#!/usr/bin/env python3
# /// script
# requires-python = ">=3.11"
# dependencies = ["pyyaml"]
# ///
"""Validate the hand-curated, entry-centric Pfam reviews under interpro/pfam/<PFAM>/.

The review files (``<PFAM>-review.yaml``, class PfamEntryReview) are hand-curated:
the supporting_examples / counter_examples are reviewer-picked and verified against
UniProt, so this script does NOT regenerate them. It checks the structural claims
that LinkML + linkml-term-validator cannot, then refreshes the human-readable index.

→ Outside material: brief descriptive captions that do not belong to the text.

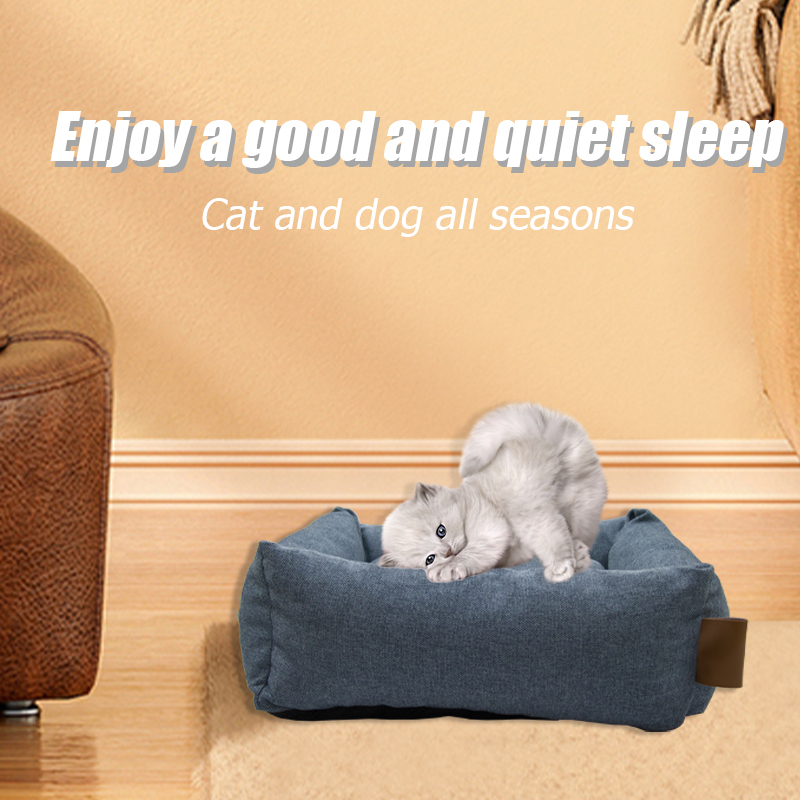 Luxury Pets Sofas Beds Comfy Pet Bed for Dogs Cats Pet Sofa Bed for Deep Sleep Warmth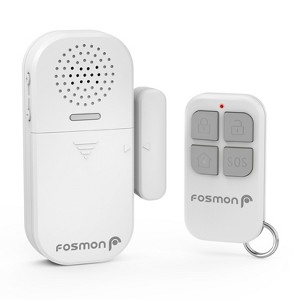 Fosmon Wireless Door Alarms for Home Security with Remote, 130dB Door and Window Alarms Sensors - 1 of 4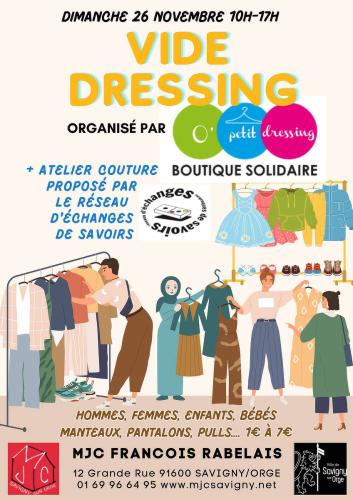 Affiche Vide Dressing Événement Shopping Mode Illustration - 1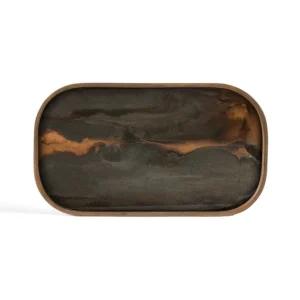 Ethnicraft Vide-Poches>Vide-Poche En Verre - Bronze Organic - 42 X 24 Cm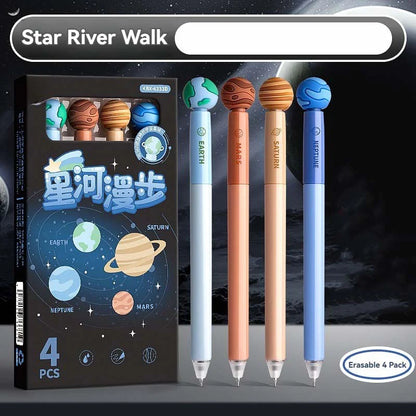 Planet Spin Erasable Gel Pen Pack of 4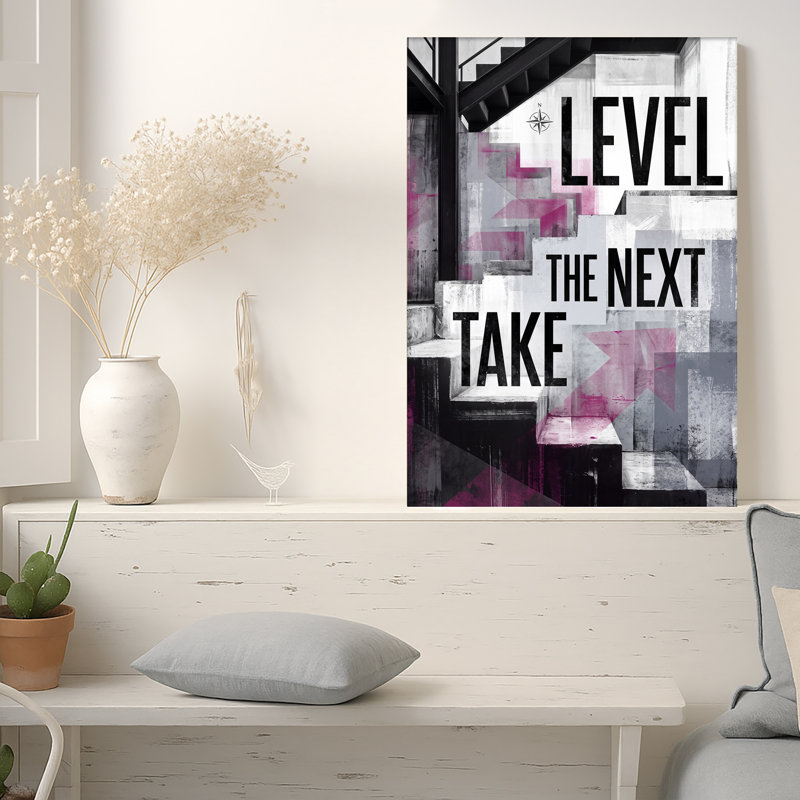Art mural sur toile noir et rose, H 48 po x l 32 po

Checks per review (cache-dependent ones degrade to warnings if ./data is absent):
  1. pfam_id matches the directory/file, and the subject member_pfam (is_subject) == pfam_id;
  2. pfam_id is actually a member of interpro.id (InterPro member_list);
  3. the member_pfams listed match the InterPro entry's real Pfam membership;
  4. each proposed GO id exists in go-basic, is not obsolete, and its aspect matches;
  5. for PROPOSED annotations with mapping_viability NOT_VIABLE, the parent InterPro
     entry carries no equivalent interpro2go term (id/ancestor/descendant);
  6. every gene_review path on an example/counter-example exists on disk;
  7. REJECTED annotations have >=1 counter_example in the SAME family (pfam_id),
     i.e. the heterogeneity claim is actually backed.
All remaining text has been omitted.